### Task prompt
Return the data below unchanged. Drop any pictures.

### Stored data
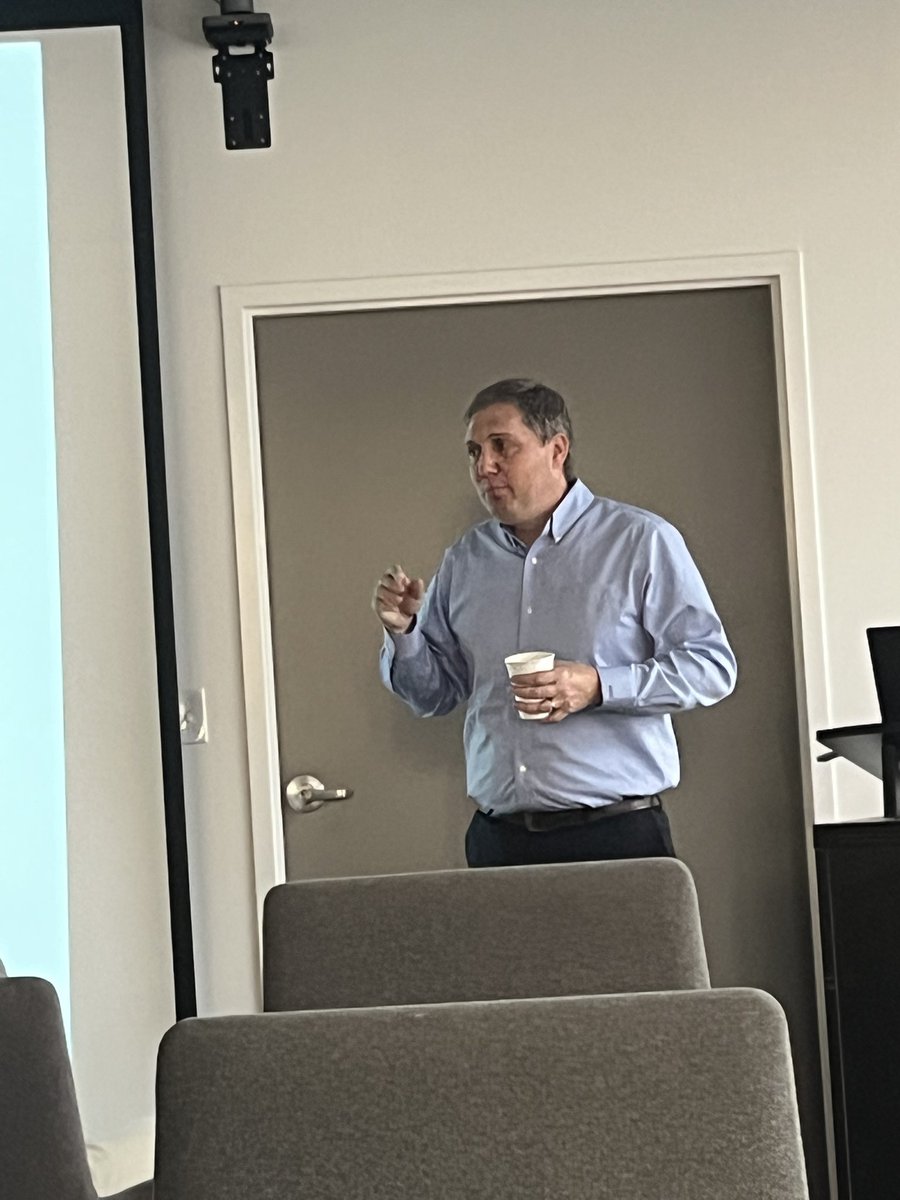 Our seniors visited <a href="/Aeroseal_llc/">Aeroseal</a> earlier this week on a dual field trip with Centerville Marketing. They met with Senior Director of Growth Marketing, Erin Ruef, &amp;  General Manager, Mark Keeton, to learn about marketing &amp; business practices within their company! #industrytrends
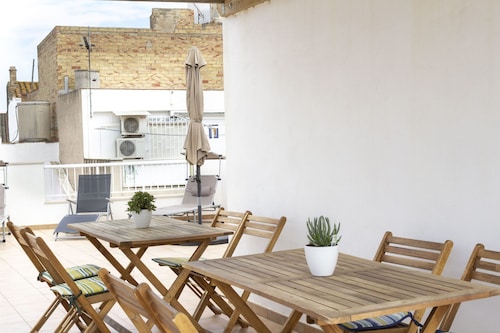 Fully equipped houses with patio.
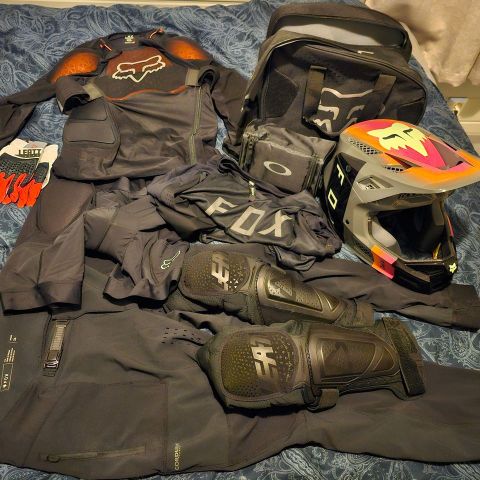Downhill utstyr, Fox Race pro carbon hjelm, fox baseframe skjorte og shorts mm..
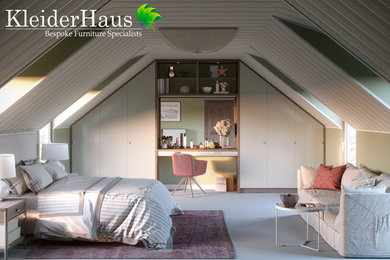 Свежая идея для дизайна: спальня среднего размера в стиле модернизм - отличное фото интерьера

### Answer for the task
 Our seniors visited <a href="/Aeroseal_llc/">Aeroseal</a> earlier this week on a dual field trip with Centerville Marketing. They met with Senior Director of Growth Marketing, Erin Ruef, &amp;  General Manager, Mark Keeton, to learn about marketing &amp; business practices within their company! #industrytrends
 Fully equipped houses with patio.
Downhill utstyr, Fox Race pro carbon hjelm, fox baseframe skjorte og shorts mm..
 Свежая идея для дизайна: спальня среднего размера в стиле модернизм - отличное фото интерьера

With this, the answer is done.